> [TASK TO CARRY OUT]: Leave out the images and transcribe the entries below word for word.

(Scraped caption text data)
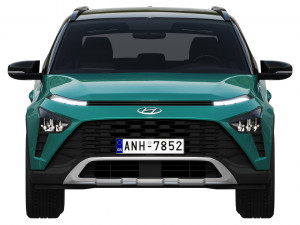 hyundai bayon Modello 3D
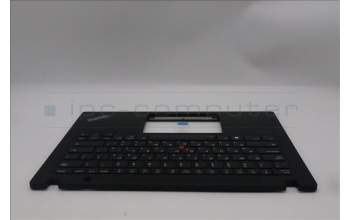 Lenovo 5M11L92858 MECH_ASM KBD w/CVR HBW BL (CHY) US BK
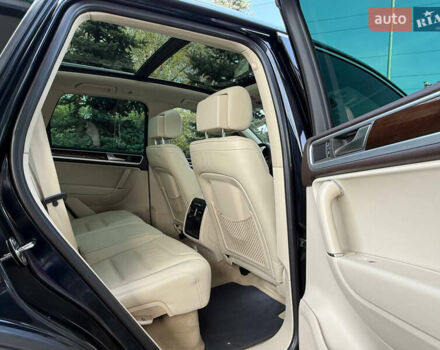 Синий Фольксваген Туарег, объемом двигателя 2.97 л и пробегом 210 тыс. км за 22200 $, фото 6 на Automoto.ua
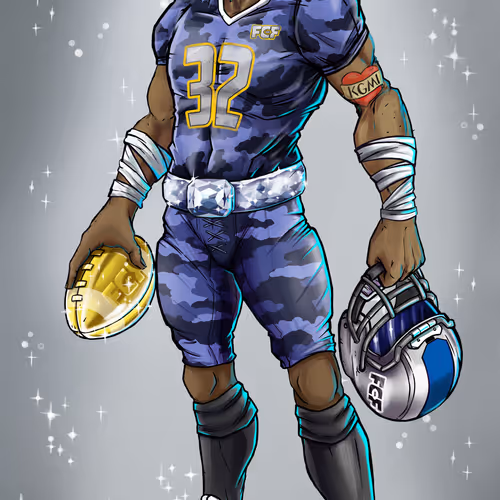 FCF Ballerz: Knights #961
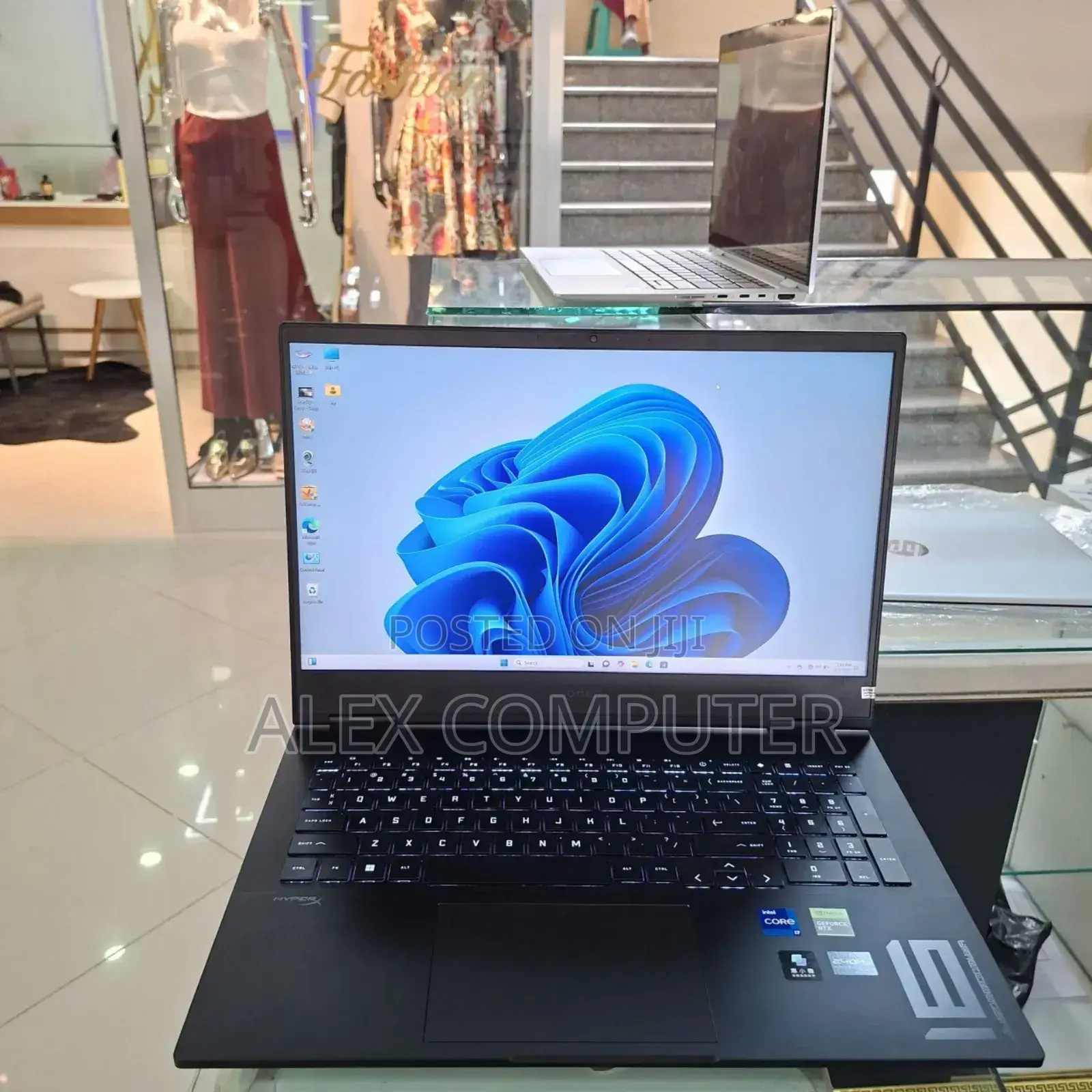 New Laptop HP Omen 16 16GB Intel Core I7 SSD 1T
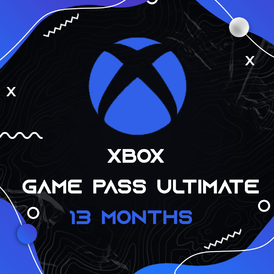 🔑 Xbox Game Pass Ultimate 12 +1 Months 🌎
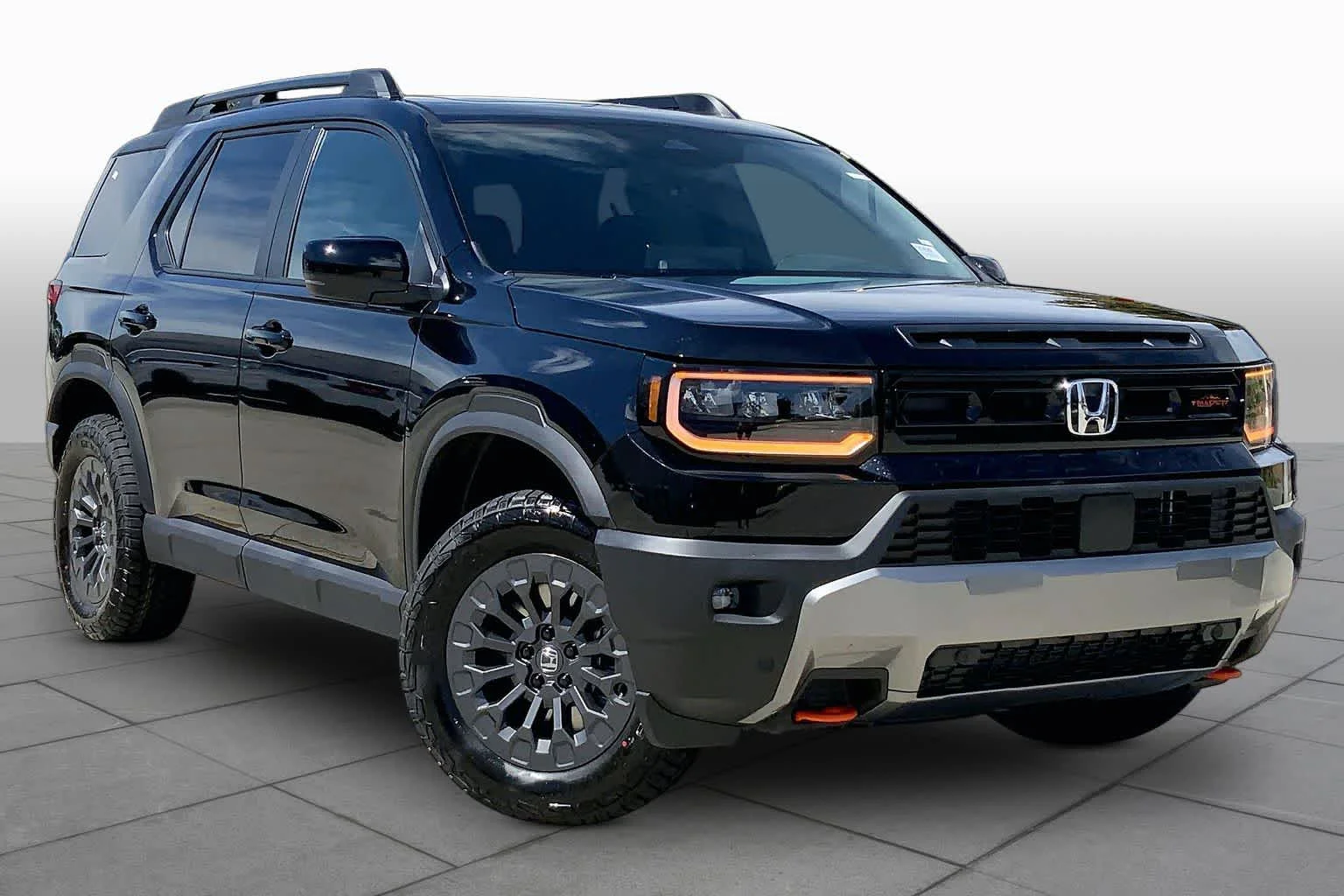 New 2026 Crystal Black Pearl Honda TrailSport image 2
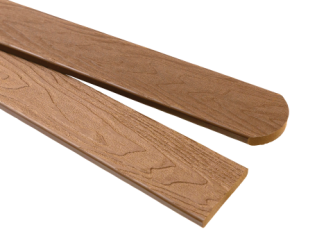 Kerítésoszlopok –  Covernit Rovná - original wood - 71 x 11 x 600 mm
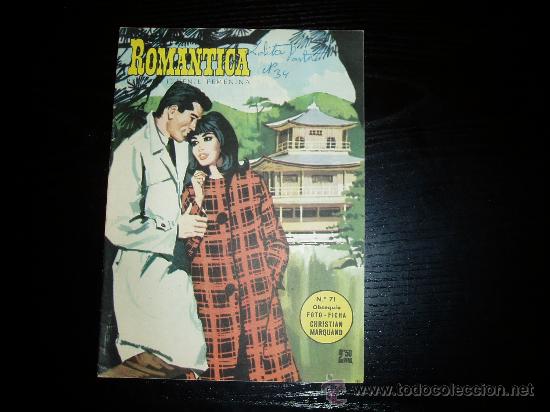 Tebeos: ROMANTICA  N&ordm; 71.  IBERO MUNDIAL DE EDICIONES.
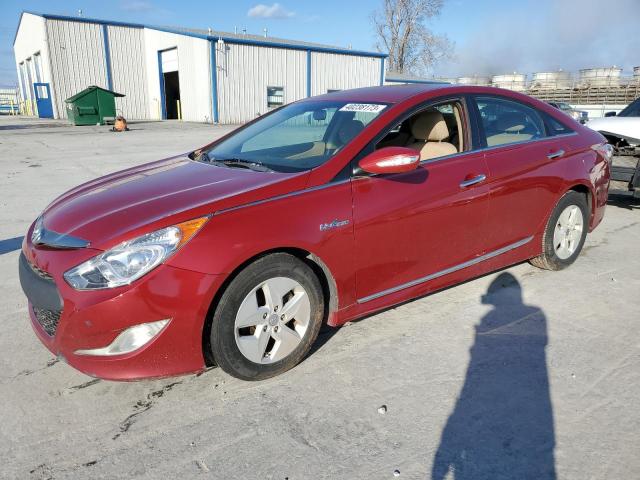 HYUNDAI SONATA HYBRID 2011 0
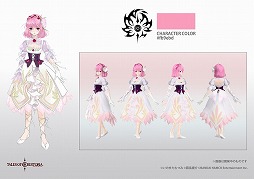 画像ギャラリー No.015のサムネイル画像 / 「テイルズ オブ クレストリア」，オリジナルキャラクターの3Dモデルが初公開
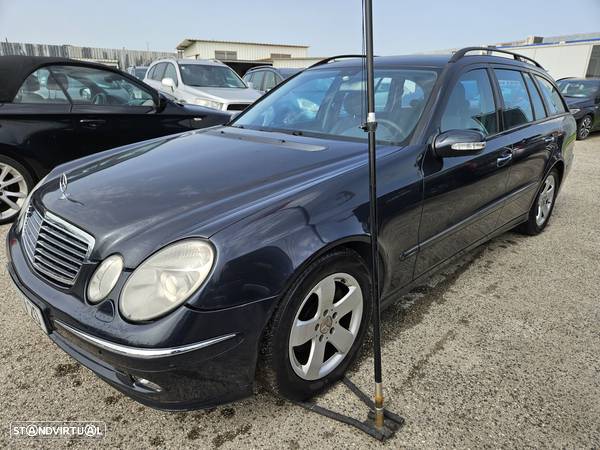 Mercedes-Benz E 220 CDI Avantgarde - 10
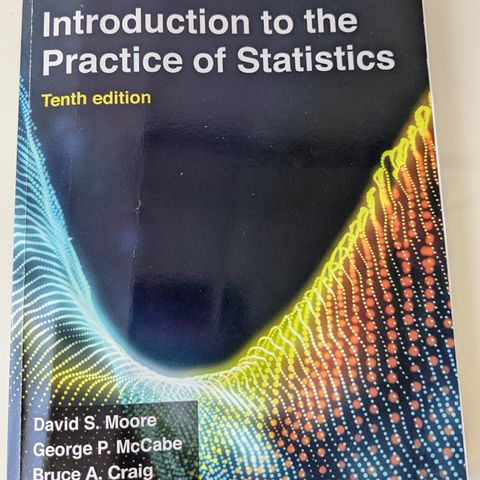 Introduction to the Practice of Statistics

> [SOLUTION TO THIS PROBLEM]:
 hyundai bayon Modello 3D
 Lenovo 5M11L92858 MECH_ASM KBD w/CVR HBW BL (CHY) US BK
 Синий Фольксваген Туарег, объемом двигателя 2.97 л и пробегом 210 тыс. км за 22200 $, фото 6 на Automoto.ua
 FCF Ballerz: Knights #961
 New Laptop HP Omen 16 16GB Intel Core I7 SSD 1T
 🔑 Xbox Game Pass Ultimate 12 +1 Months 🌎
 New 2026 Crystal Black Pearl Honda TrailSport image 2
 Kerítésoszlopok –  Covernit Rovná - original wood - 71 x 11 x 600 mm
 Tebeos: ROMANTICA  N&ordm; 71.  IBERO MUNDIAL DE EDICIONES.
 HYUNDAI SONATA HYBRID 2011 0
 画像ギャラリー No.015のサムネイル画像 / 「テイルズ オブ クレストリア」，オリジナルキャラクターの3Dモデルが初公開
 Mercedes-Benz E 220 CDI Avantgarde - 10
 Introduction to the Practice of Statistics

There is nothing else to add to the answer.